WORK ITEM: Every record must appear in your copy exactly as written, with no pictures.
####################
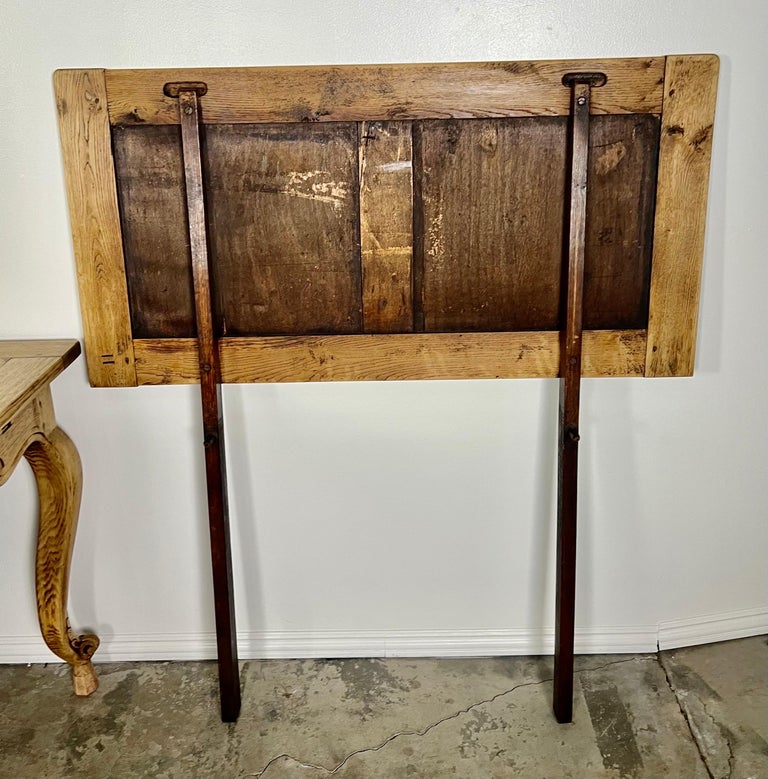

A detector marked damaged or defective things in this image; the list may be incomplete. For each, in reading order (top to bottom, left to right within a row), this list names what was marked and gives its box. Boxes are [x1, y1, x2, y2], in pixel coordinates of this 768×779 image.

crack in concrete floor [244, 660, 648, 779]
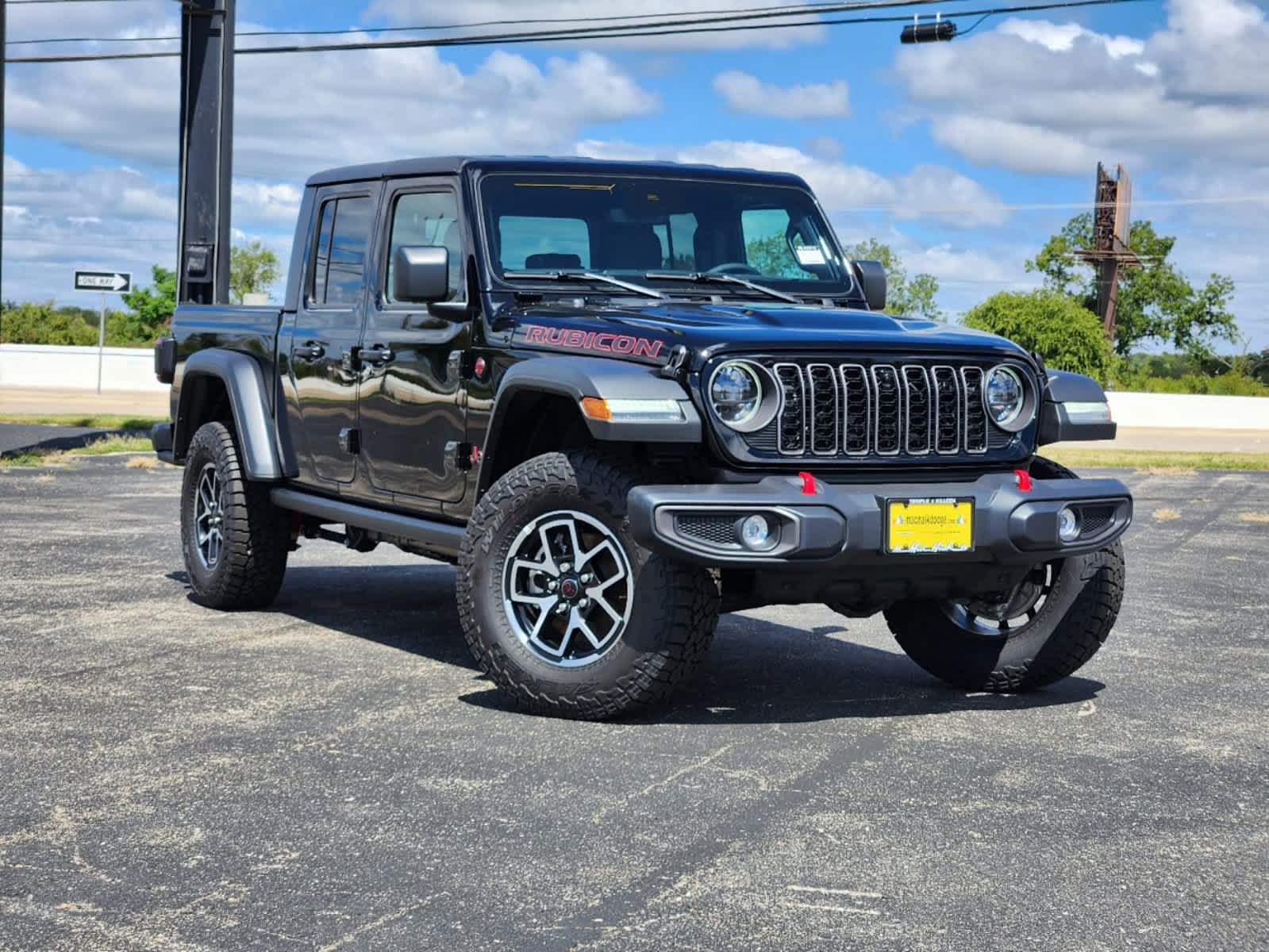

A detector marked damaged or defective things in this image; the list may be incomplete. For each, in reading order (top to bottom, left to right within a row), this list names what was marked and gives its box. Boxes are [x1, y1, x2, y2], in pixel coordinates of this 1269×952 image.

rusted metal tower [1075, 162, 1147, 345]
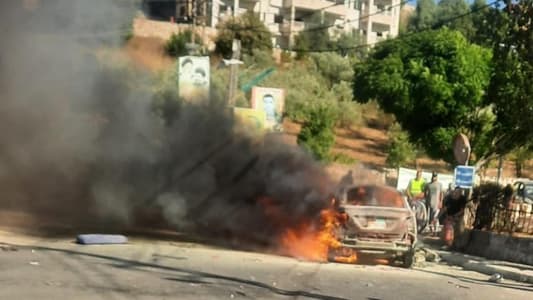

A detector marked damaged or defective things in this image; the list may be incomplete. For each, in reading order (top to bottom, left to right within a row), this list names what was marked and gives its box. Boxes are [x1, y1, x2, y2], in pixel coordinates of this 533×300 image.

charred car body [328, 185, 416, 268]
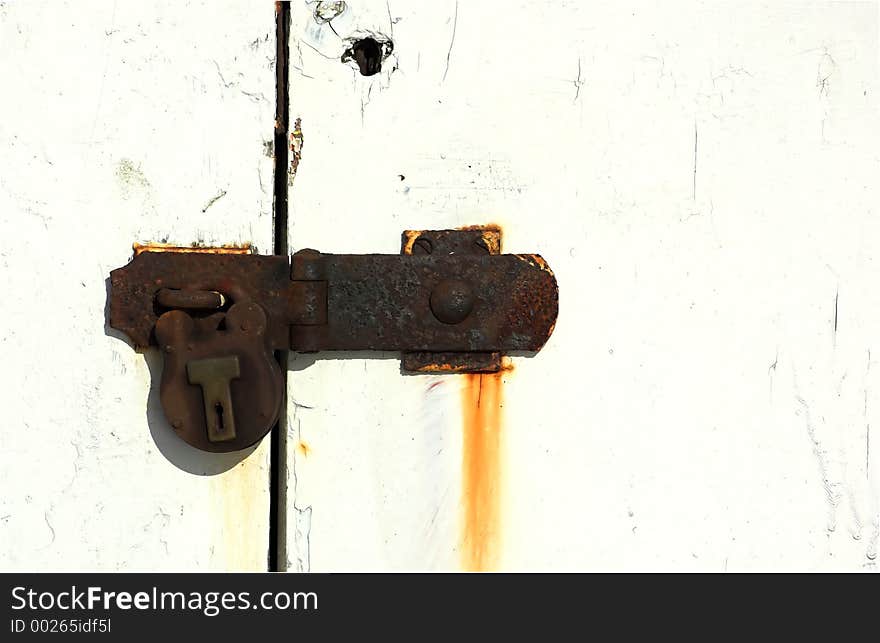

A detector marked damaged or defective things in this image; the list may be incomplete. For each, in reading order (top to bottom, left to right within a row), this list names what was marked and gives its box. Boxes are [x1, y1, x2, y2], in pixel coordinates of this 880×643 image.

peeling paint [460, 370, 502, 572]
rust streak [460, 372, 502, 572]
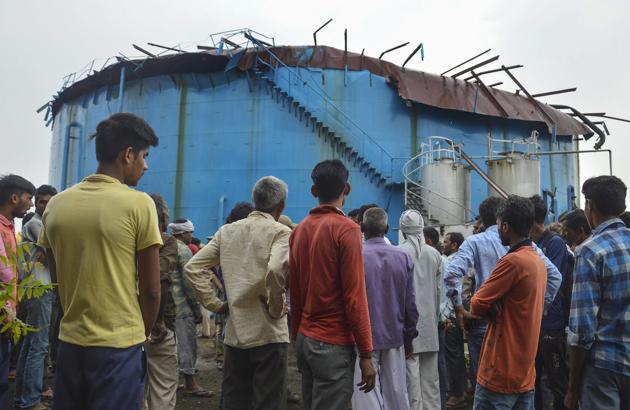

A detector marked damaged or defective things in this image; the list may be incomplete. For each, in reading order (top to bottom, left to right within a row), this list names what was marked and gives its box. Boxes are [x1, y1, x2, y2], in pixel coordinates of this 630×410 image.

rusted metal [314, 18, 334, 46]
rusted metal [380, 42, 410, 60]
rusted metal [440, 48, 494, 76]
rusted metal [452, 55, 502, 78]
rusted metal [464, 64, 524, 81]
rusted metal [472, 70, 512, 117]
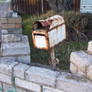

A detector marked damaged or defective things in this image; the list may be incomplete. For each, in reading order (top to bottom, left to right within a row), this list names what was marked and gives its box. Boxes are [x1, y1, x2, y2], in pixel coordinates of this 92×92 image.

orange rusty mailbox [32, 14, 66, 50]
orange rusty mailbox [32, 14, 66, 68]
rusted mailbox [32, 15, 66, 68]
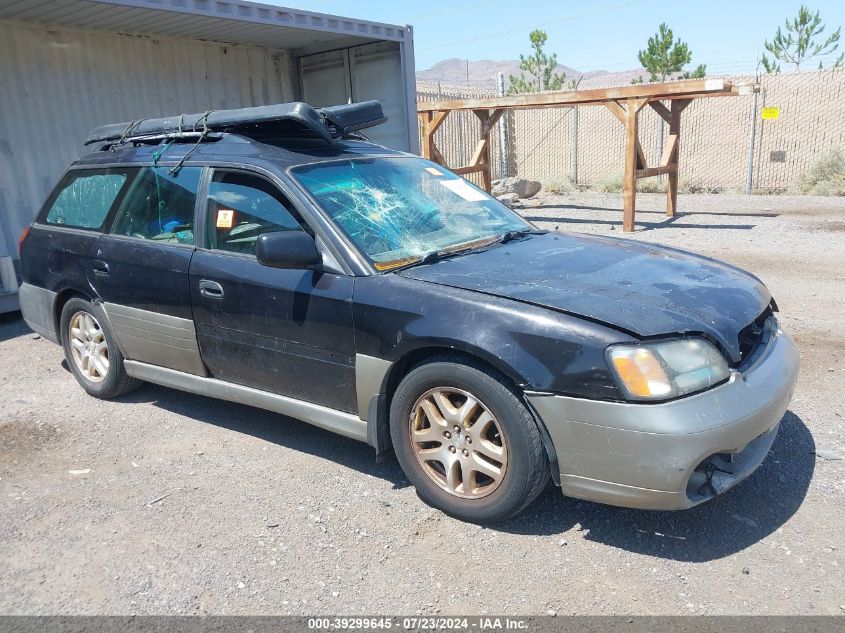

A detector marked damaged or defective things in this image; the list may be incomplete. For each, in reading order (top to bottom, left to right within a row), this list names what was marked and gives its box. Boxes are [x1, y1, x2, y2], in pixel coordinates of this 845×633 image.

damaged windshield [290, 157, 528, 270]
shattered windshield glass [292, 157, 528, 270]
damaged front bumper [528, 326, 796, 508]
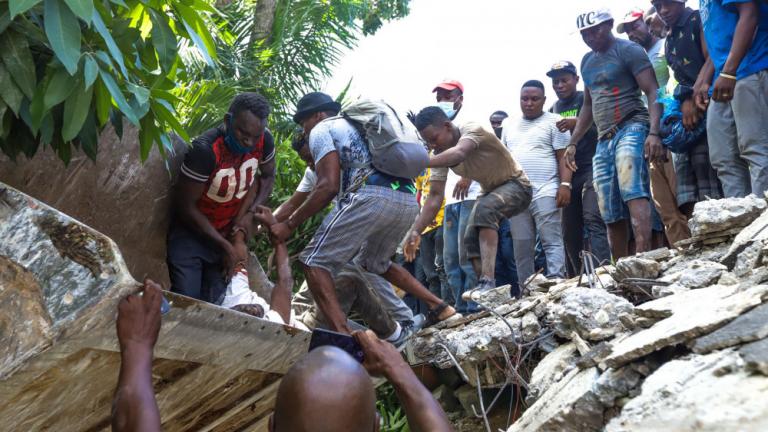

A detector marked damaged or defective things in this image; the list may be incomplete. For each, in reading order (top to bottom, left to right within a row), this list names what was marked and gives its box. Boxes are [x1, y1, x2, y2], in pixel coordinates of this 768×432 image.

broken rubble [688, 195, 764, 238]
broken rubble [544, 288, 632, 342]
earthquake damage [412, 194, 768, 430]
broken rubble [604, 286, 768, 366]
broken rubble [692, 302, 768, 352]
broken rubble [608, 352, 768, 432]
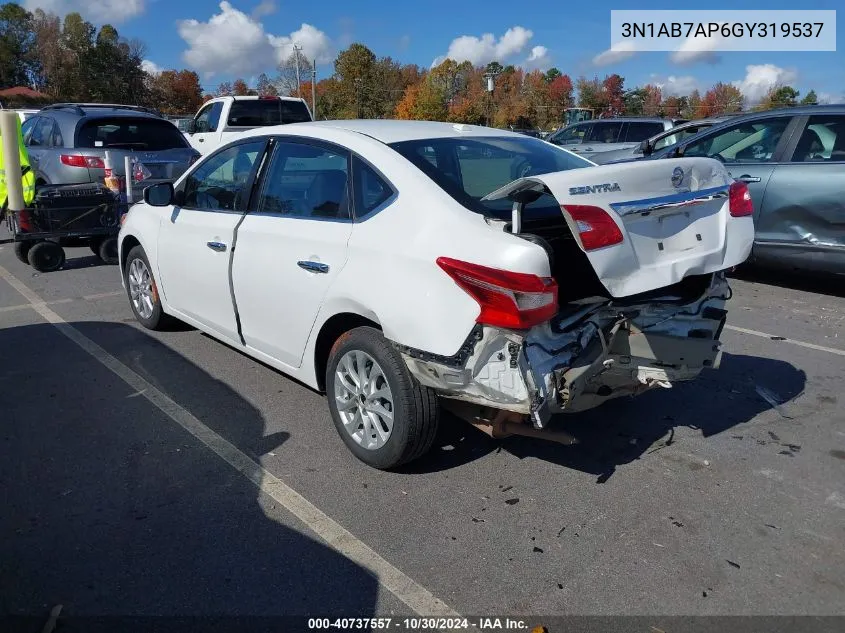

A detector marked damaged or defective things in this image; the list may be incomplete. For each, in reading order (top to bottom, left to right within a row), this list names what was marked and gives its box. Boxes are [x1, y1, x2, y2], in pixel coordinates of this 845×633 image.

broken tail light [556, 204, 624, 251]
broken tail light [724, 180, 752, 217]
broken tail light [436, 256, 560, 328]
rear-end collision damage [392, 156, 748, 436]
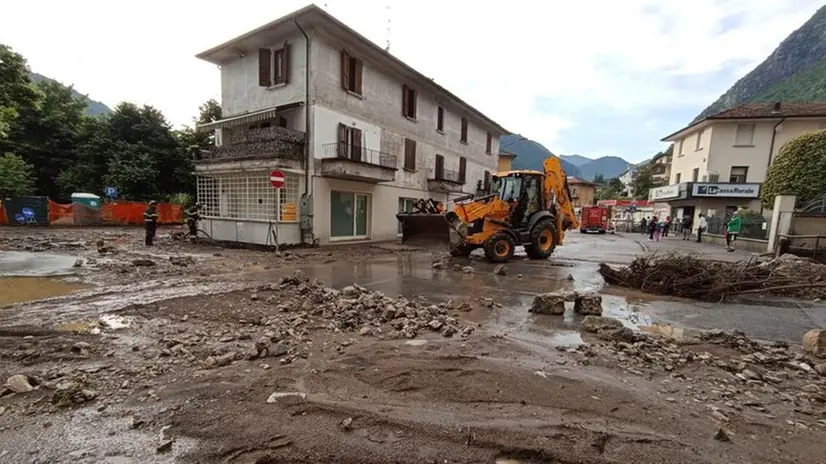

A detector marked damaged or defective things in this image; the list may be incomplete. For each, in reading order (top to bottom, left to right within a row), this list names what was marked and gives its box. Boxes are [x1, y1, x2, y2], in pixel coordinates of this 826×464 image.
####################
ANSWER SPACE:
A detector marked damaged or defective things in this image; the list may be incomplete. For each, in reading order (top to bottom, left to right within a row), this list names what was marked and gives its box. Boxes are [x1, y1, x2, y2], in pixel coordinates of this 768×779 image.

crack in concrete floor [244, 660, 648, 779]

A detector marked damaged or defective things in this image; the list may be incomplete. For each, in reading order (top to bottom, left to right within a row), this list names what was marked and gives its box. Boxes are [x1, y1, x2, y2], in pixel coordinates of this 1269×952 image.

rusted metal tower [1075, 162, 1147, 345]

A detector marked damaged or defective things in this image; the list may be incomplete. For each, in reading order (top to bottom, left to right within a row), this list names what was marked and gives its box. Boxes are [x1, y1, x2, y2], in pixel coordinates of this 533×300 image.

charred car body [328, 185, 416, 268]

A detector marked damaged or defective things in this image; the list may be incomplete. For each, in reading order (top to bottom, left to right within a row), this list names what was marked and gives its box. Boxes are [x1, y1, x2, y2], in pixel coordinates of this 880×643 image.

peeling paint [460, 370, 502, 572]
rust streak [460, 372, 502, 572]

A detector marked damaged or defective things in this image; the list may be incomplete. For each, in reading order (top to bottom, left to right within a row), this list names what was marked and gives its box. Boxes are [x1, y1, x2, y2], in pixel coordinates of this 630×410 image.

rusted metal [314, 18, 334, 46]
rusted metal [380, 42, 410, 60]
rusted metal [440, 48, 494, 76]
rusted metal [452, 55, 502, 78]
rusted metal [464, 64, 524, 81]
rusted metal [472, 70, 512, 117]

A detector marked damaged or defective things in this image; the list may be incomplete. For each, in reading order (top to bottom, left to right within a row), this list names what was marked and gives its box. Boxes are [x1, y1, x2, y2], in pixel coordinates of this 92×92 image.

orange rusty mailbox [32, 14, 66, 50]
orange rusty mailbox [32, 14, 66, 68]
rusted mailbox [32, 15, 66, 68]

A detector marked damaged or defective things in this image; the list may be incomplete. For each, in reading order (top to bottom, left to right within a row), this list names what was marked and gives its box. Boxes are [x1, y1, x2, y2], in pixel coordinates of this 845×633 image.

damaged windshield [290, 157, 528, 270]
shattered windshield glass [292, 157, 528, 270]
damaged front bumper [528, 326, 796, 508]

A detector marked damaged or defective things in this image; the list may be incomplete. For each, in reading order (top to bottom, left to right within a row), this list names what was marked and gives its box. Boxes are [x1, y1, x2, y2], in pixel coordinates of this 768×432 image.

broken rubble [688, 195, 764, 238]
broken rubble [544, 288, 632, 342]
earthquake damage [412, 194, 768, 430]
broken rubble [604, 286, 768, 366]
broken rubble [692, 302, 768, 352]
broken rubble [608, 352, 768, 432]

A detector marked damaged or defective things in this image; the list may be incomplete. For each, in reading order (top to bottom, left to right within a row), this list names what was marked and gives its box. Boxes are [x1, y1, x2, y2], in pixel coordinates of this 845×633 image.

broken tail light [556, 204, 624, 251]
broken tail light [724, 180, 752, 217]
broken tail light [436, 256, 560, 328]
rear-end collision damage [392, 156, 748, 436]

A detector marked damaged or defective things in this image; the list may be incomplete. For each, in reading order (top to bottom, left to right within a row), this list names what was marked and gives its box. Boxes are [x1, y1, x2, y2], in pixel coordinates of this 826×464 image.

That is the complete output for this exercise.